Justice Thomas’s move prompted some old hands in the Supreme Court press corps to believe a tradition of collegiality had been broken. By longstanding practice, the chief justice usually assigns the new justice a case that all nine agree on and that can be written up without much difficulty. It’s a courtesy that helps ease a new justice into ways of the marble cloister.

But this tradition has been broken before.

When I was doing research for my biography of Sandra Day O’Connor, Justice Ruth Bader Ginsburg recalled what happened to her shortly after she had taken her seat in 1993. Chief Justice William Rehnquist assigned Ginsburg, as her first opinion, a case involving the Employee Retirement Income Security Act, a complex federal law covering worker benefits. The Court was split 6-3 in the case, John Hancock Mutual Life Insurance v.
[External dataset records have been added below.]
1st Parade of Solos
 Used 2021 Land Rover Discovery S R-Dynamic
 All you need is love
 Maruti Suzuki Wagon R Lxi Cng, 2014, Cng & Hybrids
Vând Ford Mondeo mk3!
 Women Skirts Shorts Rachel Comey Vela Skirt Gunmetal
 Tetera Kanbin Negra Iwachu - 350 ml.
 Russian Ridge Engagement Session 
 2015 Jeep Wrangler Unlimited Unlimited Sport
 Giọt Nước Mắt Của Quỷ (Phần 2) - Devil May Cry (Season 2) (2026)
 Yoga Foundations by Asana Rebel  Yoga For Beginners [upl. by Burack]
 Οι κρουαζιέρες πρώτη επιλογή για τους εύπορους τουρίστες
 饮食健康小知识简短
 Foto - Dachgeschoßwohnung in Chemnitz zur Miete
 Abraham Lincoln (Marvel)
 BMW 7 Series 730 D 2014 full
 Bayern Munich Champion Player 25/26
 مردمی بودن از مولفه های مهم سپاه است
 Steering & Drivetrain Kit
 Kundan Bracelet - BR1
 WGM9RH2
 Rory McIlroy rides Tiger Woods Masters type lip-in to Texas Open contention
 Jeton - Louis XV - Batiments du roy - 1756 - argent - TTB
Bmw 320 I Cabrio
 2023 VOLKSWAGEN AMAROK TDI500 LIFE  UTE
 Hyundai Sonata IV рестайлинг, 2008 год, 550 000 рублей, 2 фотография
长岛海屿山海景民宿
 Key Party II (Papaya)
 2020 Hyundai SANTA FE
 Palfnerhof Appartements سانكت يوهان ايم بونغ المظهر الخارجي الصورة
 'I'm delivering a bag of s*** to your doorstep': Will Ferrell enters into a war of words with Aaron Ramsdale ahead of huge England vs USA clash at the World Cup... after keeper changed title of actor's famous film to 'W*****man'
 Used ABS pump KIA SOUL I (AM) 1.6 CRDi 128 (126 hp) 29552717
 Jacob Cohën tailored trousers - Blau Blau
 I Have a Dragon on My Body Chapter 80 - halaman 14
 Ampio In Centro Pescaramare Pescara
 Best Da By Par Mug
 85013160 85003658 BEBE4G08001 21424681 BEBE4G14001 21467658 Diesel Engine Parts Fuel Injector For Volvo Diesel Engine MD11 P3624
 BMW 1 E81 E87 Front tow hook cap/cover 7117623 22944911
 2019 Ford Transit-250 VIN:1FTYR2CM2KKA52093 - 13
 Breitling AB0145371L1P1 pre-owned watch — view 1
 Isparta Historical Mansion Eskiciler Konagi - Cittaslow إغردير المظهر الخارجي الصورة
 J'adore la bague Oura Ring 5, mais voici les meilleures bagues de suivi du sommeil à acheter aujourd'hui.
Harris Trust & Savings Bank.

Ginsburg went to Justice O’Connor with a complaint about the break in usual practice. “Sandra, how can he do this to me?” Ginsburg said to O’Connor.

“Ruth, you just do it, and get your opinion in circulation before he makes the next set of assignments,” O’Connor told her.

Of O’Connor’s no-nonsense, no-pity response, Ginsburg told me, “That is so typical Sandra.”

Today, it’s difficult to imagine that Sotomayor is truly perturbed that Justice Thomas broke off from part of her opinion for the majority. What likely matters to her is that history will record that the very first signed opinion of the 2009-2010 term bears this notation: “Sotomayor, J., delivered the opinion of the Court.”